We Must Better Prepare Students For College

By David P. Driscoll, Chair National Assessment Governing Board  for Education Week

As high school graduation ceremonies wind down across the country, the nation’s foremost yardstick for measuring progress in student achievement is telling us that we are coming up short in preparing most of our high school seniors for the academic life they will face after receiving their diplomas.

Only 39 percent of 12th grade students have the mathematics skills and 38 percent the reading skills needed for entry-level college courses, according to the National Assessment of Educational Progress,  or NAEP. These results, released last month, are the first to link student performance on NAEP with academic preparedness for college.

The board that oversees NAEP, which I’ve chaired since October 2009, wanted to explore how preparedness could be measured. This was more than 10 years before “college and career ready” became a permanent part of our country’s vernacular.

NAEP is the United States’ only source of nationally representative 12th grade student-achievement data. More than 30 research studies have been conducted since 2008, and we intend to see to it that more research is done in the years ahead.

In early May, NAEP released new information on academic preparedness as well as the 12th grade NAEP results on reading and mathematics. The numbers show that 2013 performance in both of these critical subjects was unchanged from the last assessment year of 2009—in other words, there was academic stagnation.

There is a tendency for many of us to hear testing results, express dismay at lackluster reports, and then quickly move on to other matters. But what remains by our inaction?

For some time now, employers in many occupational areas have expressed concern that there are not enough qualified or educated workers filling positions, especially those requiring specialized skills. Other countries are making educational and economic progress at a faster rate than the United States. With technology rapidly changing and the marketplace becoming more global, it is imperative that we  prepare our children to be full, active citizens in a competitive 21st-century landscape.

The bridge from high school to postsecondary education is creaking loudly. A January 2013 study from the National Center for Education Statistics found that 20 percent of undergraduate students in four-year institutions of higher education had to take remedial classes. And according to the National Bureau of Economic Research, the annual cost of remediation to states, schools, and students is close to $7 billion.

There is an opportunity based on the research and student results to not just bemoan what we see, but also to take affirmative steps to make a difference. This is not a problem just for some of us. It’s going  to take educators, policymakers, students, parents, business leaders, and even the general public working together at all levels—elementary, middle and high school, and college.

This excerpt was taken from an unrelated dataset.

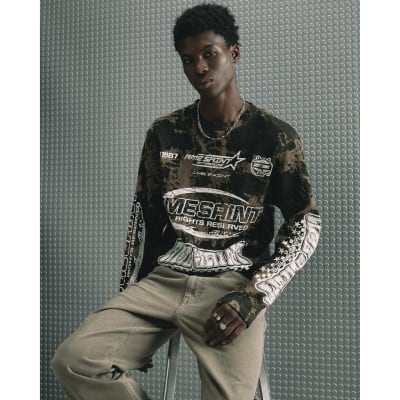 Khaki Oversized Fit Camo Waffle T-Shirt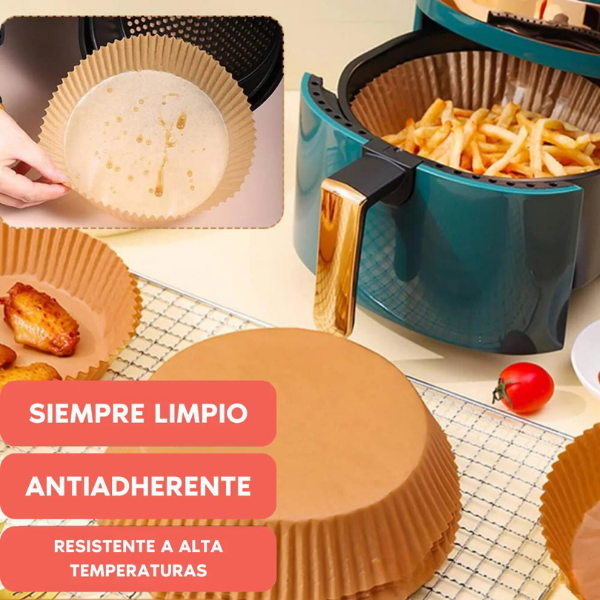 MOLDES EN PAPEL PERGAMINO PARA AIR FRYER X100 UNIDADES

We need principals, superintendents, and school board members to ensure more of our students have equitable access to rigorous classes that can truly challenge them, dedicated teachers and counselors to impart academic skills, students and parents working together so that kids are disciplined learners, employers communicating skill gaps and educational needs both to colleges and K-12 schools, and the general public becoming alarmed and putting pressure on the system.

We can no longer ignore college freshmen being overwhelmed by their introductory courses, or businesses constantly complaining at their monthly chamber of commerce meetings that they cannot find qualified workers to fill slots in their plants and firms.

When future NAEP results on academic preparedness—and reading and math, for that matter—are released, we must see improvement. If we do, it will mean that we have all gotten involved and taken action.

David P. Driscoll chairs the National Assessment Governing Board, which is based in Washington. He also served as the commissioner of education in Massachusetts from 1998 to 2007. He is a former secondary school mathematics teacher and served as the superintendent of schools in Melrose, Mass. He serves on the boards of Teach Plus and the U.S. Education Delivery Institute, among other organizations, and he chairs the Thomas B. Fordham Institute board of trustees.